Было бы неплохо, если бы мать хоть чуточку уважала то, что действительно важно.

О, это превосходный кухонный ящик, даже если отчаянно торопишься.

Возле коробки с перепутанной бечевкой лежали свечные огарки, оставшиеся после многих лет субботних вечеров, их хранят в бережливом предвкушении ураганов, латунные ключи от сменившихся замков (трудно выкинуть такую тщательно и искусно сделанную штуку, как металлический ключ), прямые ручки с засохшими чернилами на перьях, их можно оттереть, если постараться (объясняла мать горничной), зубочистки, которыми никогда не пользовались (особенно для чистки зубов), сломанные ножницы (новые хранились в другом ящике: они и через десять лет все еще назывались «новые ножницы»), использованные резиновые кольца от банок домашних консервов (маринованные помидоры, зеленые, мерзкие, плотнокожие), дверные ручки, гайки, весь этот домашний мусор, хранимый алчностью.

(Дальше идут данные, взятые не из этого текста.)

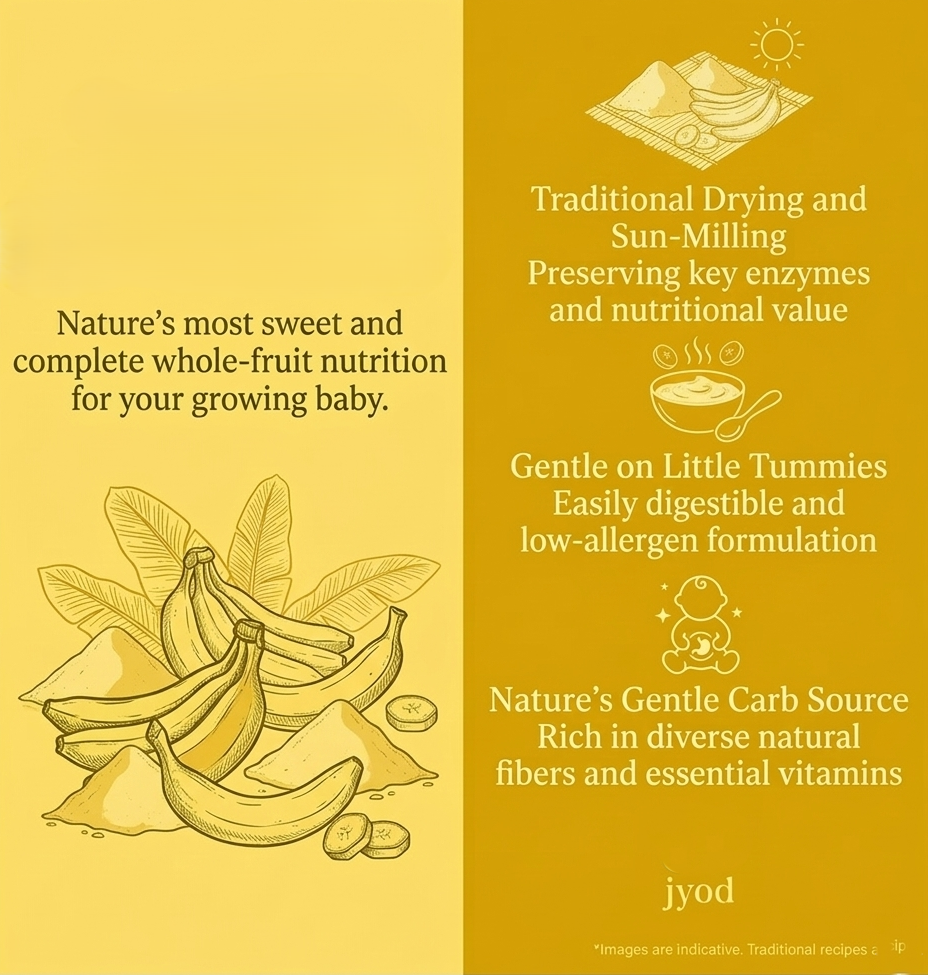 Banana Powder - 150g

Он вслепую пошарил в коробке с бечевкой, поскольку ящик никогда не открывался до конца.

– Печенюшка, кусочек медовой коврижки, есть целая коробка миндальных пирожных?

Ага! ярко-красная.

Рубцы танцевали по всему воображаемому лайзиному телу.

– Клубника, – окликнула мать, будто прощаясь.

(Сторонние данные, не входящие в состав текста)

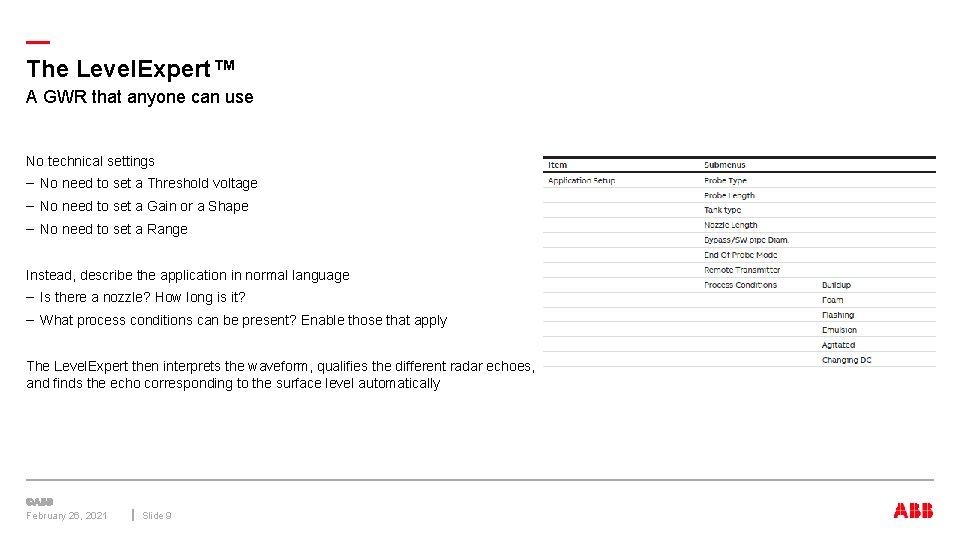 — The Level. Expert™ A GWR that anyone can use No technical settings –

Дети особым способом проникают в гаражи, сараи, на чердаки – так же, как вступают в огромные залы и семейные часовни. Гаражи, сараи и чердаки всегда старше зданий, к которым прилепились. Наполнены темным благоговейным воздухом громадного кухонного ящика. Дружелюбные музеи.

Внутри было темно, пахло маслом и прошлогодними листьями, которые крошились под ногами. Влажно мерцали куски железа, края лопат и консервных банок.

– Ты американка, – сказал Кранц.

– Нет, – сказала Лайза.

– Ты американка, – сказал Бривман. – Двое против одного.

Огонь зениток Бривмана и Кранца был очень плотен. В темноте Лайза предприняла дерзкий маневр, вытянув руки.

– Эхехехехехехех, – заикались ее пулеметы.

Она подбита.

Вошла в эффектное пике и в последний момент катапультировалась. Покачиваясь с ноги на ногу, она плыла по небу, глядя вниз, зная, что ей крышка.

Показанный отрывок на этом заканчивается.